I am embarrassed to say that even though I was sent this book back in April, I only started reading it in September. It was sent to me by the author to review. As such, I have completely forgotten what this book is about other than that it’s sci-fi, and the cover looks great (though the photo editing has some flaws). I finally started reading on September 16, 2022.

Finished on September 22, 2022.

Space Pirates!

Grace Malia Myrasatra is in trouble right from the prologue. On a typical night out, she’s accosted by a hazer, and the encounter ultimately leads to his death with Grace as the main suspect. Though it was self-defence, the hazer turns out to be a cop, and Grace knows that she has no way of escaping conviction, so she immediately packs her bags to go on the run. Only shortly after, she is arrested and taken to a prison, where she meets the pirate LZ. After a rescue by LZ’s crew, Grace joins the pirates in hopes of making enough money for a new ID. If only she knew the mess she was getting herself into.

Right out of the gate, the rating of this book is made clear to me since it drops the f-bomb right on the first page. Of course, going into this with no recollection of its contents, I was surprised, but I was easily able to adjust my expectations for a book with an older audience.

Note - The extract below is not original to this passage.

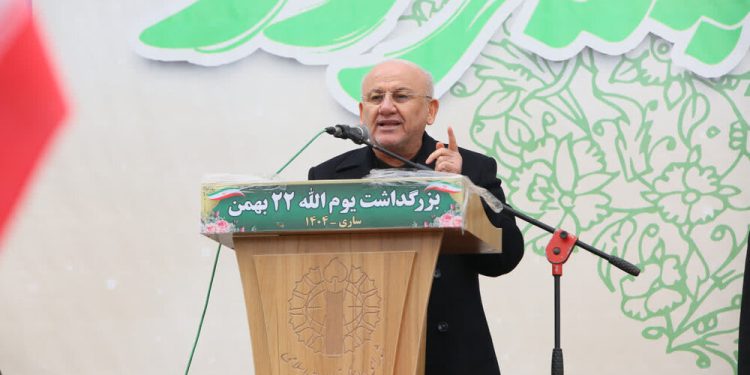استاندار مازندران: ۲۲ بهمن، روز ایران است/ سفره مردم خط قرمز ماست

Grace is, of course, the protagonist of the novel, but I’m not sure how to feel about her relationship with Zane. They come from different worlds, and we know that they’ve been together for three years. Still, starting out, it feels a lot like Grace has a lot more to gain from their relationship, given that Zane is a high-level citizen, comes from a wealthy and influential family, and has a job at one of the top companies in the city. However, most of the first chapter is dedicated to showing that their feelings are equally reciprocated and that she’s not with him for his advantage. Unfortunately, their day is ruined when law enforcers capture Grace, and she is separated from Zane. Her relationships with the pirate crew are varied, but it’s most clear between her and LZ, who she becomes close with in prison and even closer on the ship. The others in the crew—the captain, pilot, and two others—don’t have as many scenes with Grace, though each of them helps her in some way. I admit that I couldn’t quite distinguish between some of them until the very end of the book.

Moving on to the writing style and quality, I’d say it falls right in the middle of the pack here. It’s clear that the author spent time working out everything so that the world was realistic and immersive, but I think the book would benefit from a final edit as there are some sentences where the grammar is a bit lacking.

Something I found very interesting, though, was that the beginning of each chapter has an excerpt from a made-up book within the universe, such as textbooks, well-known novels, and even a drug pamphlet to explain the world’s made-up drugs. It was very creative and felt very realistic, so I applaud the author for that.

I can’t really speak to the design of the book, as it was sent to me as an ARC and was therefore more of a manuscript than an actual typeset novel.

This is a quest sort of book, made obvious by the title “Navigators of Draconis”, but I have to say that I wasn’t expecting them to be space pirates. I am convinced that the author did his research to make the fight scenes immersive, and I liked the creativity with the weapons being a mix of the classic pirate pistols and cutlasses and the more futuristic laser guns and plasma swords.

Still, this book is only three stars for me because there were numerous points throughout that I thought “this could be better”. I finished it, but it wasn’t as immersive as other books have been for me. It’s probably just not my cup of tea, and definitely, the swearing pulled me out of the book. I can see others not minding the adult themes and messaging in this book, but I much rather read younger fiction.

Overall, a good read. I would recommend this book to adult readers who don’t mind a bit of swearing and mentions of sexual content (though nothing explicit). It’s for people who enjoy space adventure and pirates at the same time, the morally grey characters who serve both sides but ultimately themselves—neither good nor bad.